Many do, and thousands lined the streets of Fox Lake, Ill., on Monday to pay their respects as Lt. Charles J. Gliniewicz was laid to rest.
But almost as tragic as his death last Tuesday is the reaction from some who want to use it and others as backdrops to further personal agendas.
It is not an invitation to spotlight the cases of the small minority of officers whose dedication and professionalism is questionable. It is not the time to see who can yell the loudest about whose lives matter as though tragedy is a game of one-upmanship.
This is not a time for debate over gun laws by the screaming mouthpieces of cable news programs. It is not a hash-tag, or a movement.
Those are all important things to address, but it should not become politically incorrect to focus on one singular aspect of the problem of violence.
Another police officer is dead, senselessly killed for doing his job.
Let’s focus on that and not dilute the honor that Gliniewicz and others who put their lives on the line every day should be afforded.
Gliniewicz, just days from retiring from the job he had performed for almost 30 years, was found shot to death minutes after calling for backup while following three suspicious men in the town near Chicago.
In a swampy area surrounded by trees and marshland, the 52-year-old officer answered his final call.
He was, by all accounts, more than just a cop. Known as “G.I. Joe” because of his tattoos and shaved head, he was a role model in the community and never missed an opportunity to mentor youths.
While deaths of law enforcement officers are down this year from the past, according to the Law Enforcement Officers Memorial Fund, many of the most recent deaths are specifically targeting those who are law enforcement authorities.
Texas Deputy Darren Goforth was shot to death Aug. 28 as he put gas in his squad car. Louisiana State Trooper Steven Vincent was shot in the head Aug. 14 while helping a motorist. A housing authority officer in New Orleans was shot to death while sitting in his patrol car in May. Two New York City police officers were assassinated in December while sitting in their patrol car.

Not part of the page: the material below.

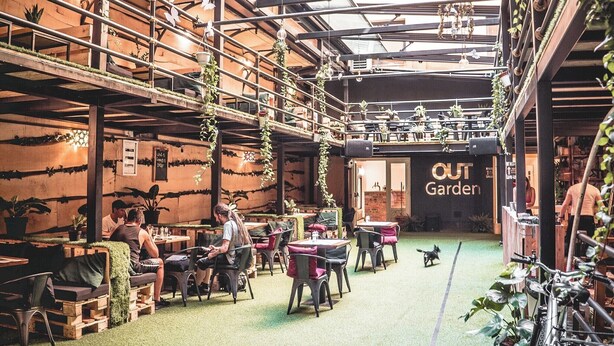 An indoor-outdoor dining area with wooden tables and chairs, hanging plants, and a sign reading "OUT Garden". - Chillout Hostel Zagreb (Zagreb)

Many more have died performing their duties. Since records started being kept in 1791, 20,500 law enforcement officials have died in accidents or attacks.
In this day and age, it seems to be open season on those who wear a badge. A handful of isolated actions by bad officers are being allowed to overshadow the almost-daily stories about the good officers. This by no means is to say we should dismiss the pursuit of justice in those situations. Some cannot be defended and should not be. But we cannot view the vast majority of police through the micro-lens of corruption.
To do otherwise is a dishonor to the thousands of men and women who, like Lt. Gliniewicz, are willing to put their lives on the line every day to protect others from harm.